**** Dataset excerpt

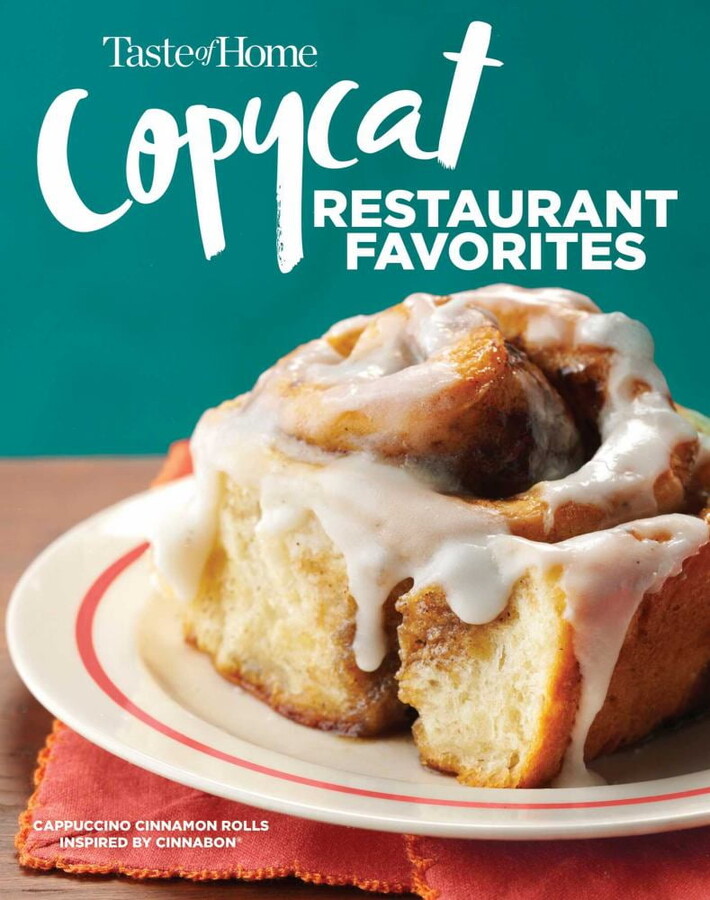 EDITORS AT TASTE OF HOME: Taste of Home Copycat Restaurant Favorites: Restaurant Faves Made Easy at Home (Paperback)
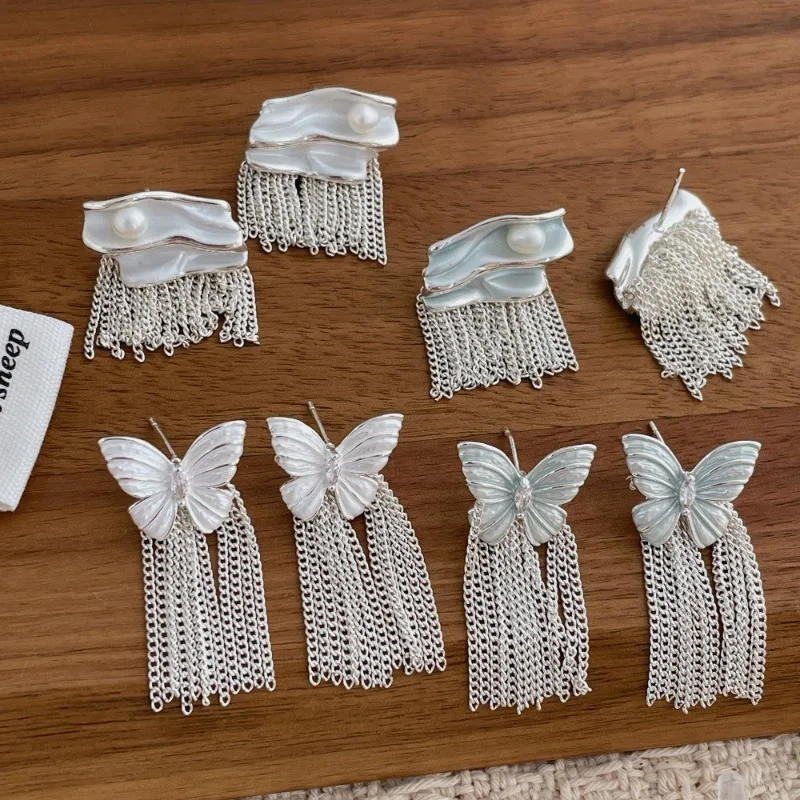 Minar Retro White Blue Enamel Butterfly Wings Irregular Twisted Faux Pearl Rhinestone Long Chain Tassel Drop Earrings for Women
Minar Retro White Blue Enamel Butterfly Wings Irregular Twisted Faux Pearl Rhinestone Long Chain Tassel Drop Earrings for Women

********

» **Exercise instructions**:
Please give the data again unaltered, leaving out any images.

» **Answer**:
 EDITORS AT TASTE OF HOME: Taste of Home Copycat Restaurant Favorites: Restaurant Faves Made Easy at Home (Paperback)
 Minar Retro White Blue Enamel Butterfly Wings Irregular Twisted Faux Pearl Rhinestone Long Chain Tassel Drop Earrings for Women
Minar Retro White Blue Enamel Butterfly Wings Irregular Twisted Faux Pearl Rhinestone Long Chain Tassel Drop Earrings for Women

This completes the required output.